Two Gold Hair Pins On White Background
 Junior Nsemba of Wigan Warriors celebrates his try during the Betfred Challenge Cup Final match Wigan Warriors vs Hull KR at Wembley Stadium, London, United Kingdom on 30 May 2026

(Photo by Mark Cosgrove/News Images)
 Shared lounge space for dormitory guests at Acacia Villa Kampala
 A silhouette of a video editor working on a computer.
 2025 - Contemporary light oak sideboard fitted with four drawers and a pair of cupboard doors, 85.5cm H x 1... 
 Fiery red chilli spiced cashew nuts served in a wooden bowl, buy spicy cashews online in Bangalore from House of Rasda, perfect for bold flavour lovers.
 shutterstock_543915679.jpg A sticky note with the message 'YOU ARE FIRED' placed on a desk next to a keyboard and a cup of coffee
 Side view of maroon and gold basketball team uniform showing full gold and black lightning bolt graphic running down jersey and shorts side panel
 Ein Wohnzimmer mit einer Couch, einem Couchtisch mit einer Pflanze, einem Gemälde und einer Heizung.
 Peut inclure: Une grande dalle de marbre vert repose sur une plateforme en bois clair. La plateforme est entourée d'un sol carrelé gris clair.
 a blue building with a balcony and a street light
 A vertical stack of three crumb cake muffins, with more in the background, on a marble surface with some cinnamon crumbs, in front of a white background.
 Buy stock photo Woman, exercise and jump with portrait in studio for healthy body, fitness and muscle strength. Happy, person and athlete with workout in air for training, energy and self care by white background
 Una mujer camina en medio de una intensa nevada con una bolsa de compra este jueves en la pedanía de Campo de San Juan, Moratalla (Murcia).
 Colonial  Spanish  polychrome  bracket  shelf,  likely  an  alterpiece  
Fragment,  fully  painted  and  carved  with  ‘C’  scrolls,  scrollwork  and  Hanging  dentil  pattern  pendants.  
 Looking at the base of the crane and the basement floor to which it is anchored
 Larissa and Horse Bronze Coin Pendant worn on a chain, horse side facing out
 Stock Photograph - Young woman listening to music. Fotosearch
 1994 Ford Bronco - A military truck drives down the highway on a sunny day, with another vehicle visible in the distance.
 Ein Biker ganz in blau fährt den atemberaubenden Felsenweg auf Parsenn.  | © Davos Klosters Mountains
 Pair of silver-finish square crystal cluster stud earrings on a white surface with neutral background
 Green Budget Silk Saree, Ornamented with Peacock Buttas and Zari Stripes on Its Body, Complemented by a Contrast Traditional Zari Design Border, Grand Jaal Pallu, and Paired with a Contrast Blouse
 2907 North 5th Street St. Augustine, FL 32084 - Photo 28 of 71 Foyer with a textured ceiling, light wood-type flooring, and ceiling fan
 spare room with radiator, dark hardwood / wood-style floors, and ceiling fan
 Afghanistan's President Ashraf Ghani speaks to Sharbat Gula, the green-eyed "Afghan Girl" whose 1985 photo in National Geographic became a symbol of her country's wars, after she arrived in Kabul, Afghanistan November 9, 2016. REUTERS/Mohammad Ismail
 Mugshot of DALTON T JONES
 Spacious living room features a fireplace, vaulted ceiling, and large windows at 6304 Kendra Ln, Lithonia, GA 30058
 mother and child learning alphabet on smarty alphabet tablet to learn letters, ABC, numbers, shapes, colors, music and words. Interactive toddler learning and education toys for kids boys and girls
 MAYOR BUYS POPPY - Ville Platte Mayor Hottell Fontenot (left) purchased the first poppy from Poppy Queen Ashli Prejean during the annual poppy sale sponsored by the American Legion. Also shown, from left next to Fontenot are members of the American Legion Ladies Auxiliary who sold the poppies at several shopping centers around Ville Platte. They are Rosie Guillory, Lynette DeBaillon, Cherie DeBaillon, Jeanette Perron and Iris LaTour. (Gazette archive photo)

(ACTIVITY):
Search the data for the string "next" and copy out every line where it is found.

(RESPONSE AREA):
 shutterstock_543915679.jpg A sticky note with the message 'YOU ARE FIRED' placed on a desk next to a keyboard and a cup of coffee
 MAYOR BUYS POPPY - Ville Platte Mayor Hottell Fontenot (left) purchased the first poppy from Poppy Queen Ashli Prejean during the annual poppy sale sponsored by the American Legion. Also shown, from left next to Fontenot are members of the American Legion Ladies Auxiliary who sold the poppies at several shopping centers around Ville Platte. They are Rosie Guillory, Lynette DeBaillon, Cherie DeBaillon, Jeanette Perron and Iris LaTour. (Gazette archive photo)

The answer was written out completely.